# Data block
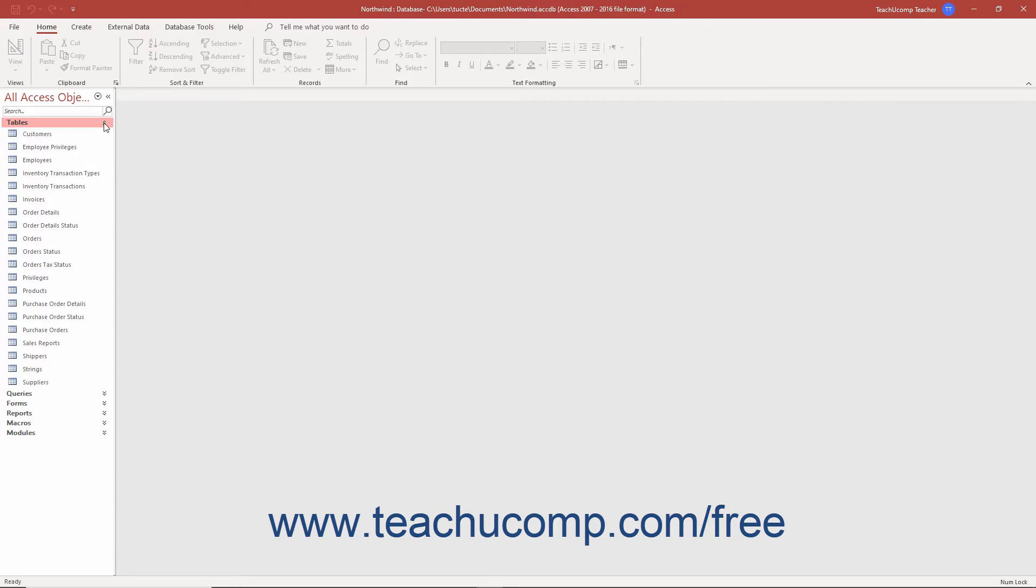Access is also a relational database program. In a relational database, you store large amounts of data into the smallest possible increments in the tables. You then relate these tables together by joining common fields between them. This lets the database store less redundant data, which makes it operate more quickly and efficiently.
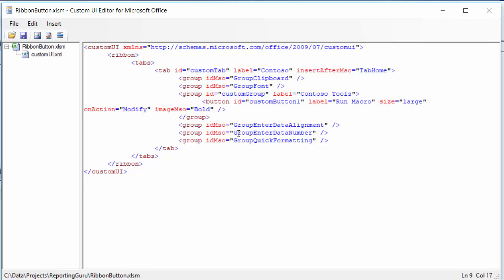Okay, and then I'm going to the image MSO. You can look this up online—just look up image MSO gallery and it'll show you the references. And here I'm going to put in macro play because that's going to give me a little triangle.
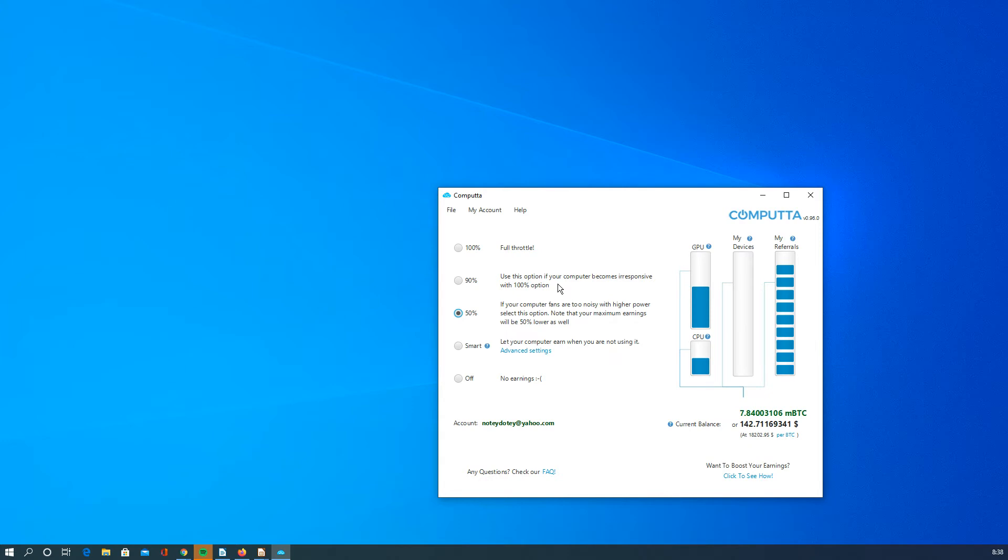The fact that it just doesn't seem to stress your computer as much as other miners. And with the referrals, your payout is actually relatively close, I believe.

# Requirement
The task calls for duplicating the data exactly, with no images kept.

# Solution to the exercise
Access is also a relational database program. In a relational database, you store large amounts of data into the smallest possible increments in the tables. You then relate these tables together by joining common fields between them. This lets the database store less redundant data, which makes it operate more quickly and efficiently.
Okay, and then I'm going to the image MSO. You can look this up online—just look up image MSO gallery and it'll show you the references. And here I'm going to put in macro play because that's going to give me a little triangle.
The fact that it just doesn't seem to stress your computer as much as other miners. And with the referrals, your payout is actually relatively close, I believe.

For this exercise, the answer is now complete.